- WHAT THIS TASK INVOLVES -
Reproduce, exactly and only, the lines of the data that follows from the one containing "Retrovisor izquierdo, Ford" down to the one containing "Hemant Kamala City Bedroom 1", without pictures.

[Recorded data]
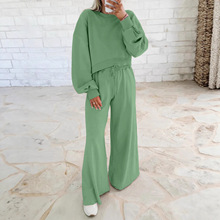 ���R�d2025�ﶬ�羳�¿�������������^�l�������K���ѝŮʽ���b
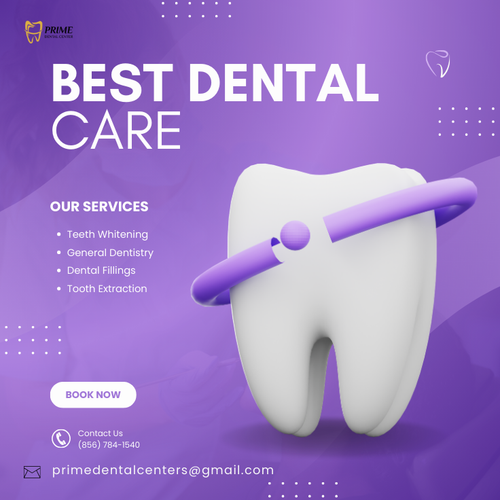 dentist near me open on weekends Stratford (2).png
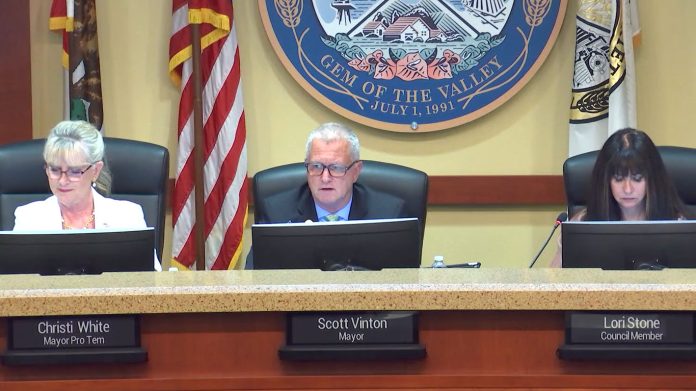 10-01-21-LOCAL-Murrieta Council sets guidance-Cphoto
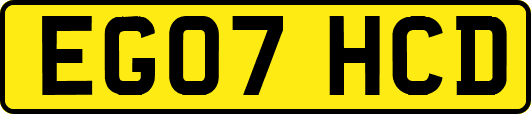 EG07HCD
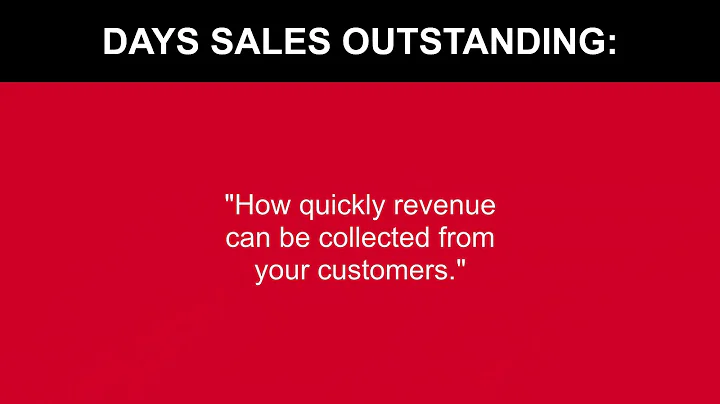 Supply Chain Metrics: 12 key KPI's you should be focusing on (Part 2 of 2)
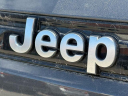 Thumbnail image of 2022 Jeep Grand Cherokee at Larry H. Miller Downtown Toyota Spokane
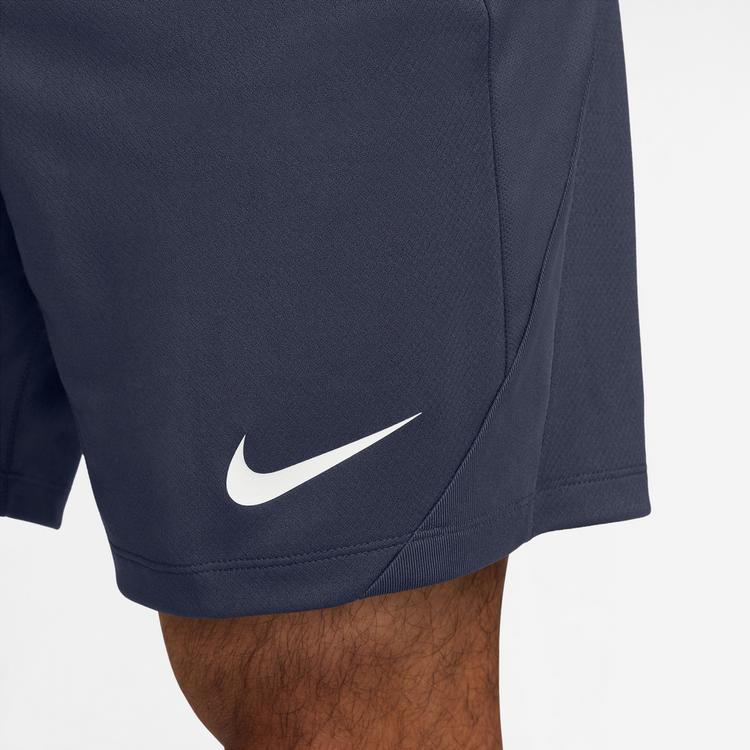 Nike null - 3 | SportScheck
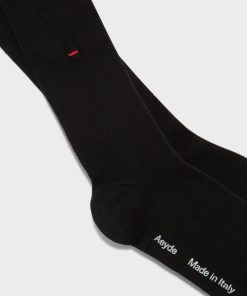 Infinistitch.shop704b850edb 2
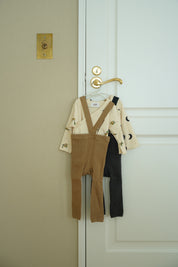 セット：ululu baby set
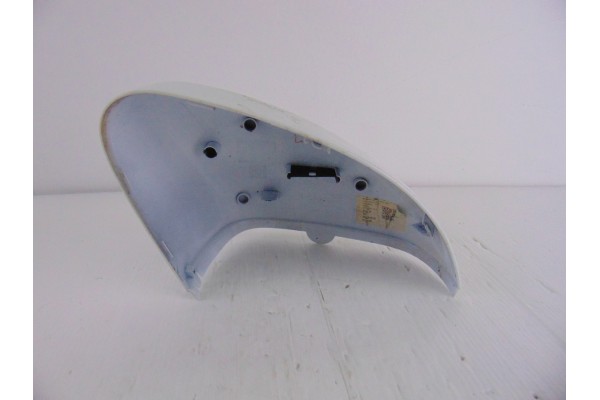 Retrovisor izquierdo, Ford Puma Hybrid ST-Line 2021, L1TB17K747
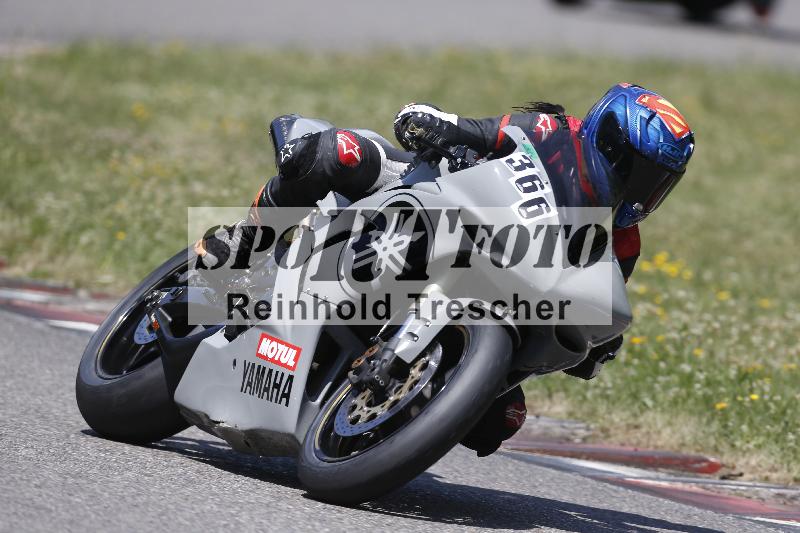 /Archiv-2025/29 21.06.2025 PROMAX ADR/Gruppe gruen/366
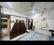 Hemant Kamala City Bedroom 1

...

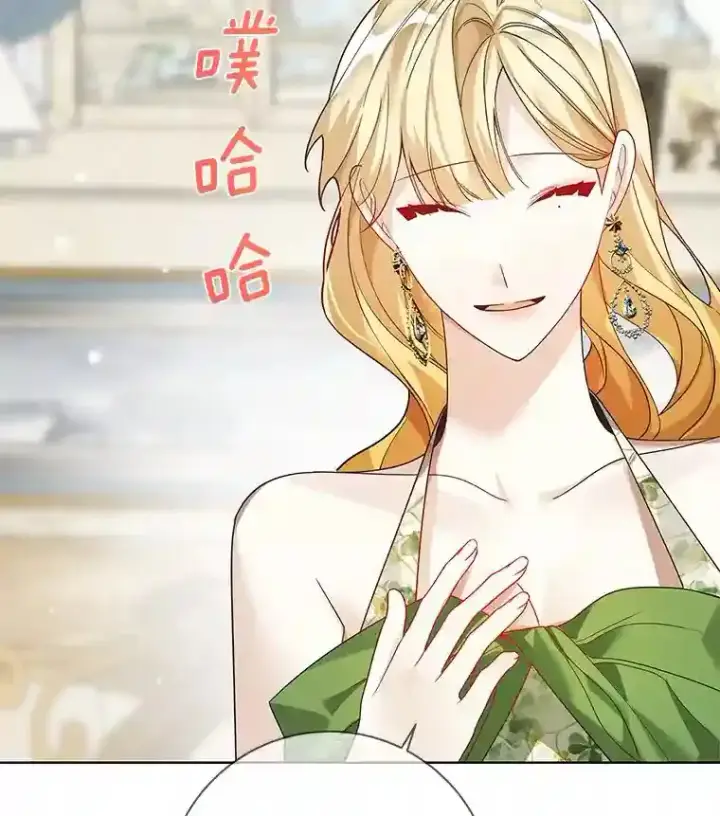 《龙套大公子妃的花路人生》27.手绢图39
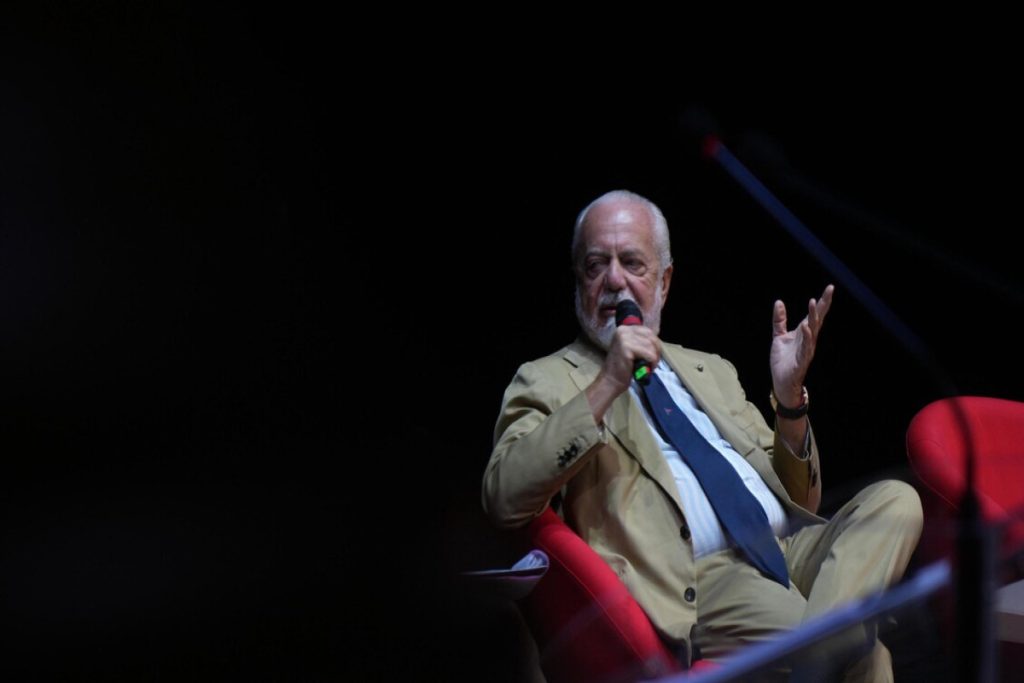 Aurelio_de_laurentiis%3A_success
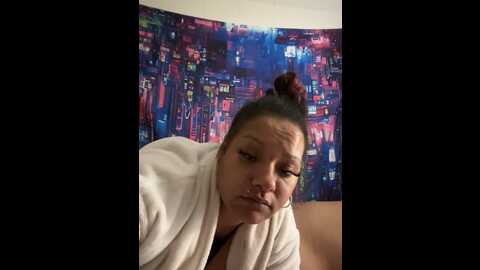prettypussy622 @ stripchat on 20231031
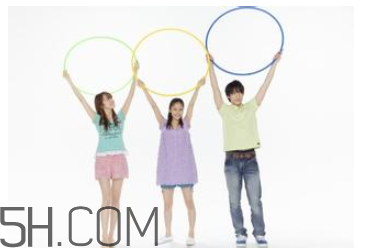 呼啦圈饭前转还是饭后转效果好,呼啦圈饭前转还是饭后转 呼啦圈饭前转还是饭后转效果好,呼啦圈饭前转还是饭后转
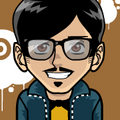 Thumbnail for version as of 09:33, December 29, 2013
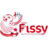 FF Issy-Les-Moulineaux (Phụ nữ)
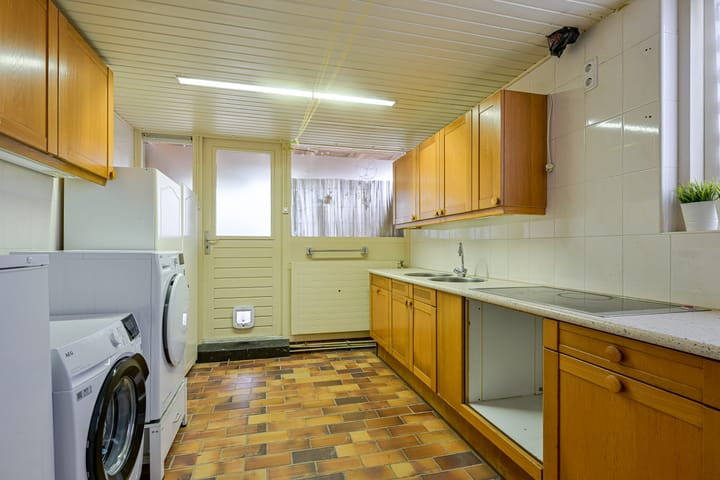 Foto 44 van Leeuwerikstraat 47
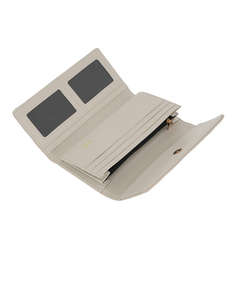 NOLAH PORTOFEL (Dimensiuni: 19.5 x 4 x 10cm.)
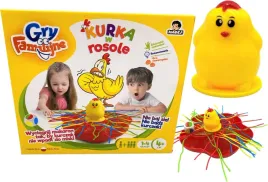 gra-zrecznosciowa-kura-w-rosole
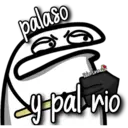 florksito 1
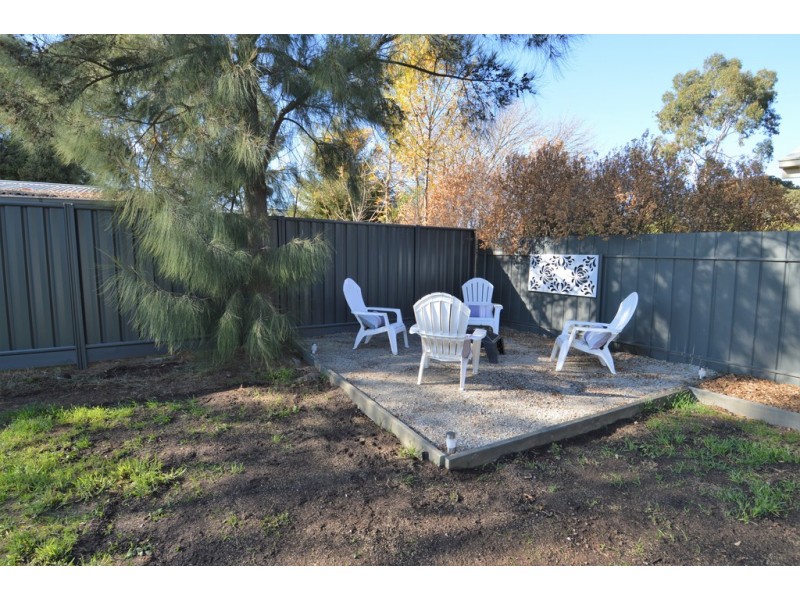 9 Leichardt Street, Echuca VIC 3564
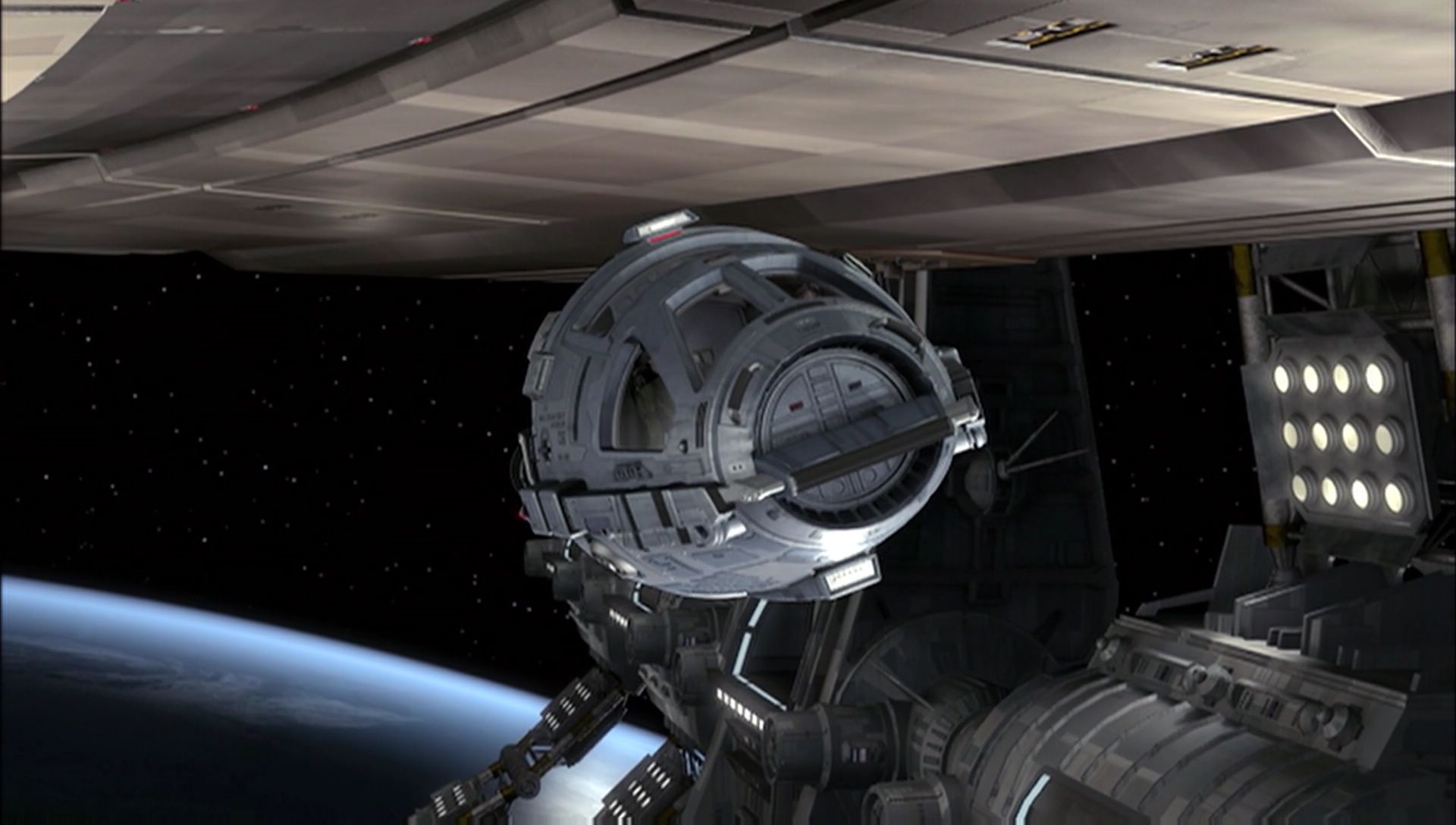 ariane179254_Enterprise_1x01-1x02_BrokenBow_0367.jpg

- ANSWER FOR THE TASK -
 Retrovisor izquierdo, Ford Puma Hybrid ST-Line 2021, L1TB17K747
 /Archiv-2025/29 21.06.2025 PROMAX ADR/Gruppe gruen/366
 Hemant Kamala City Bedroom 1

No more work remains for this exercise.